Il primo ministro israeliano Benjamin Netanyahu ha respinto la richiesta del gruppo militante palestinese Hamas di porre fine alla guerra a Gaza per raggiungere un accordo di cessate il fuoco. «Lo Stato di Israele non può accettarlo», ha detto. «Non siamo pronti ad accettare una situazione in cui i battaglioni di Hamas escono dai loro bunker, riprendono il controllo di Gaza, ricostruiscono le loro infrastrutture militari e tornano a minacciare i cittadini di Israele», ha detto Netanyahu al governo, secondo una dichiarazione del suo ufficio. «Quando Israele mostra la sua buona volontà, Hamas persiste nelle sue posizioni estreme guidato dalla richiesta del ritiro delle nostre forze dalla Striscia di Gaza, della fine della guerra e del mantenimento di Hamas. Israele non può accettarlo», ha detto Netanyahu durante un Consiglio dei ministri. «Capitolare alle sue richieste - ha aggiunto il premier - significherebbe una terribile sconfitta».

I negoziatori stanno intanto riprendendo i colloqui volti a mediare una pausa nell'offensiva israeliana a Gaza in cambio del rilascio degli ostaggi catturati da Hamas il 7 ottobre. L’ipotesi in discussione prevede una pausa di 40 giorni nei combattimenti durante il rilascio degli ostaggi e il rilascio di un certo numero di prigionieri palestinesi detenuti nelle carceri israeliane.

Ieri i mediatori del Qatar, dell'Egitto e degli Stati Uniti hanno incontrato una delegazione di Hamas al Cairo e una fonte di Hamas vicina ai negoziati ha detto che oggi ci sarà «un nuovo ciclo» di colloqui. Ciascuna parte ha incolpato l’altra per lo stallo dei negoziati. Un alto funzionario di Hamas che ha insistito ieri sera sul fatto che il gruppo «non avrebbe accettato in nessuna circostanza» una tregua che non includesse esplicitamente la fine completa della guerra, compreso il ritiro di Israele da Gaza. Il funzionario, che ha chiesto di restare anonimo, ha condannato gli sforzi israeliani per ottenere un accordo sul rilascio degli ostaggi «senza collegarlo alla fine dell’aggressione a Gaza».

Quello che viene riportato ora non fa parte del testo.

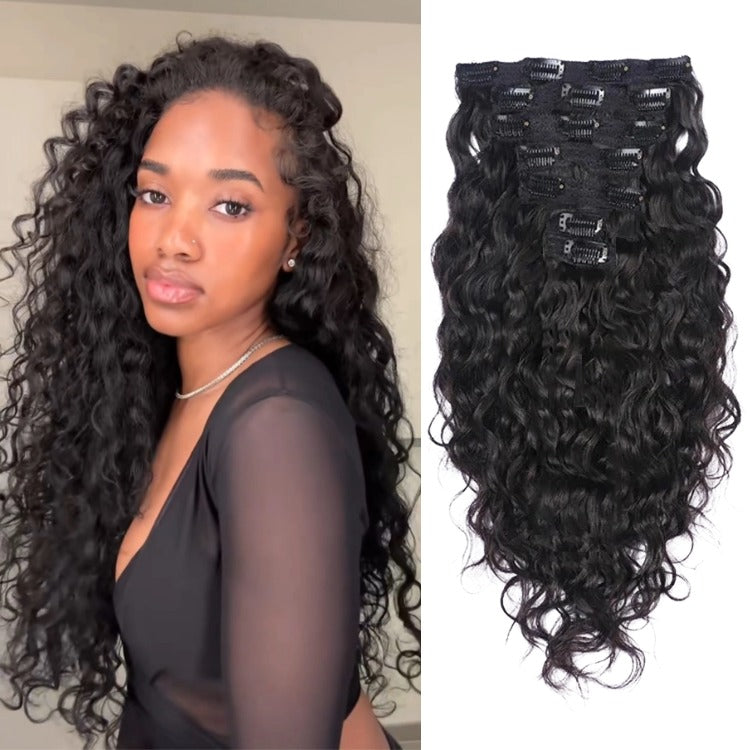 Clip-In Hair Extensions 100% Human Hair Water Wave Full & Thick Hair- Rafarada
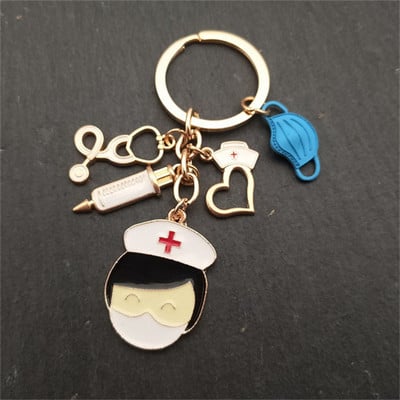 1 kom. Liječnik Medicinski alat Stetoskop Štrcaljka Maska za lice Privjesak za ključeve Medicinska sestra Medicinski poklon Privjesak za ključeve Suvenir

Ha accusato Netanyahu di «ostacolare personalmente» gli sforzi per raggiungere una tregua a causa di «interessi personali». Dall'altra parte, un alto funzionario israeliano aveva detto in precedenza che Hamas «sta ostacolando la possibilità di raggiungere un accordo» rifiutandosi di rinunciare alla sua richiesta di porre fine alla guerra. Nonostante mesi di tentativi della diplomazia, i mediatori non sono riusciti ad arrivare a una nuova tregua come quella di una settimana che ha permesso il rilascio di 105 ostaggi lo scorso novembre in cambio di detenuti palestinesi nelle carceri di Israele.

Il funzionario israeliano ha detto che una delegazione sarà inviata al Cairo solo se ci saranno segnali positivi sul quadro proposto. Sulle trattative pesa la prospettiva di un prossimo attacco israeliano a Rafah, dove secondo l’Oms si rifugiano 1,2 milioni di palestinesi provenienti dal Nord della Striscia, quasi metà dell'intera popolazione del territorio palestinese.

Sabato notte in tutto Israele si sono svolte proteste contro il governo e a sostegno del rilascio degli ostaggi, dopo le notizie di un potenziale accordo con Hamas. Decine di migliaia di persone sono scese in strada nelle principali città israeliane, dove i manifestanti hanno anche chiesto elezioni anticipate. Durante una manifestazione a Gerusalemme, il padre dell’ostaggio israelo-americano Hersh Goldberg-Polin ha detto: «I politici devono ricordare che stiamo combattendo per persone vere».